━━━ Data below ━━━

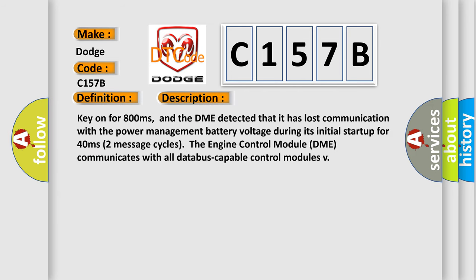Key on for 800 milliseconds, and the DME detected that it has lost communication with the power management battery voltage during its initial startup for 40 milliseconds, 2 seconds, 2 message cycles. The engine control module DME communicates with all data bus capable control modules.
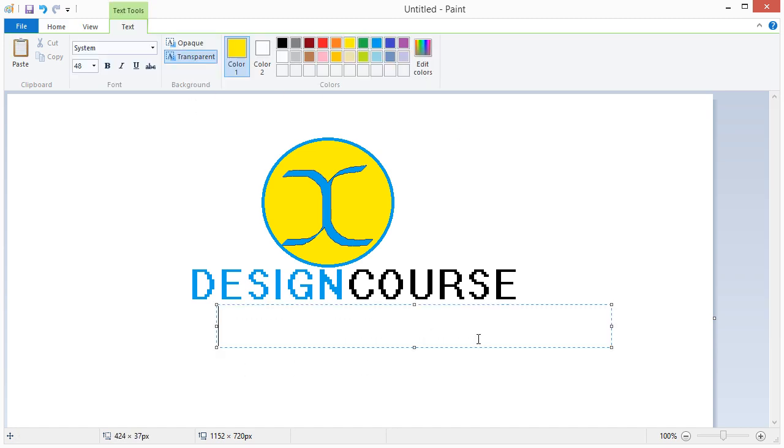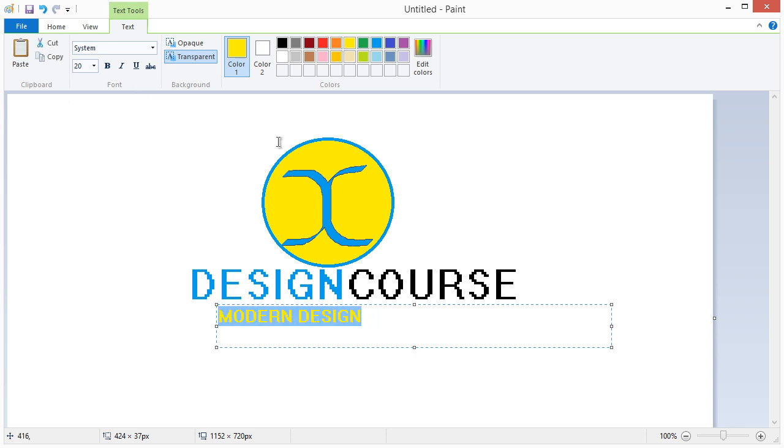With that said, here at designcourse.com, all 2D design tutorials from this point forward will be administered with Microsoft Paint.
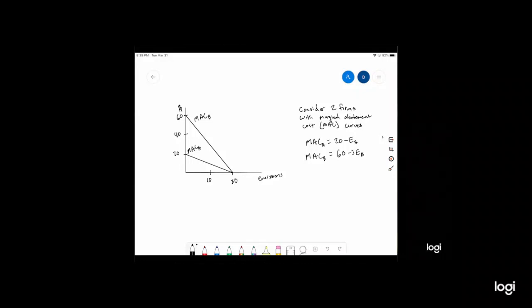We're going to continue on with the welfare economics section of this class. Last time we left off on the basics of calculating welfare with and without an externality. We saw that if we introduce a tax or a policy in a market that's efficient without an externality, then we're creating some deadweight loss. If we introduce a tax in a market with an externality, then we're reducing deadweight loss.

━━━

Copy the material verbatim. The pictures are not part of the copy.

*Finished exercise*
Key on for 800 milliseconds, and the DME detected that it has lost communication with the power management battery voltage during its initial startup for 40 milliseconds, 2 seconds, 2 message cycles. The engine control module DME communicates with all data bus capable control modules.
With that said, here at designcourse.com, all 2D design tutorials from this point forward will be administered with Microsoft Paint.
We're going to continue on with the welfare economics section of this class. Last time we left off on the basics of calculating welfare with and without an externality. We saw that if we introduce a tax or a policy in a market that's efficient without an externality, then we're creating some deadweight loss. If we introduce a tax in a market with an externality, then we're reducing deadweight loss.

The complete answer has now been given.